The Nahl brothers’ observation of a day in the life of a surveyors’ camp invites closer inspection of a number of pictorial details. The scene represents a temporary garrison during the apparent absence of the surveyors, who may be working in the field. Initial attention is drawn to the row of six white canvas tents located just below the center of the picture—their faceted shapes defined by strong sunlight and shadow. Closer inspection reveals such nearby details as a small flock of poultry, laundry drying on a clothesline, and a makeshift horse barn constructed of stacked hay bales. The large tent at the far right, with a projecting stovepipe, is probably the cook-tent and surveyors’ mess. The American flag, flying from a tall flagpole at the far right edge of the painting, identifies the official, governmental nature of the depicted site and provides the picture’s single note of bright color contrast. The observer’s eye goes to the action at the lower center of the picture where the arrival of a man in wagon drawn by galloping white horses is announced by two, presumably barking, dogs at the front and rear. Nahl’s reluctance to describe any scene devoid of incident is consistent with his stylistic inclination toward genre painting.

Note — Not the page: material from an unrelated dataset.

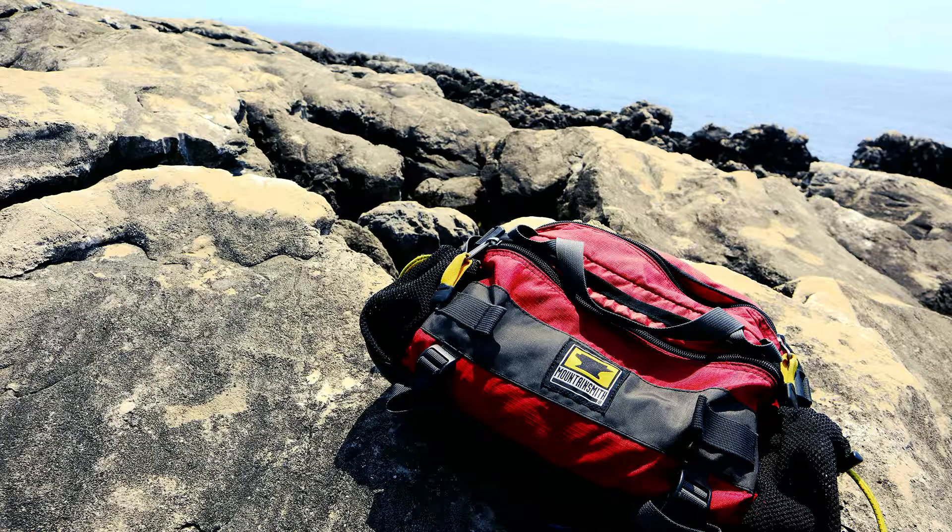Today we're gonna talk about specifically the Mountain Smith Tour. This is a fanny pack I've had so long I can't even remember exactly when I bought it — this is my second one, and this one is at least 15 years old. The thing that makes the Mountain Smith Tour a great pack is that it's a perfect size: it makes you conserve on what you take because of space, but it holds enough to get by for the whole day.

The most dramatic of the Nahl brothers’ collaborative paintings is Fire in San Francisco Bay (fig. 46), a work that recreates an event in San Francisco’s early history and gives Charles Christian Nahl, as the dominant artist, the opportunity to exercise his passion for history painting in a contemporary tableau. Nahl has depicted a battle scene in a style freely adapted from the famous military combats painted by his mentor, the renowned French painter and lithographer Horace Vernet. Charles had long admired the grandiose documentary battle scenes for which Vernet was so popular. As part of his own painting style, Nahl emulated Vernet’s extensive use of anecdotal detail and the rendering of his subjects in a clear, descriptive light without obscuring selected passages in deep shadow. It is not known to what extent Arthur contributed to the finished work.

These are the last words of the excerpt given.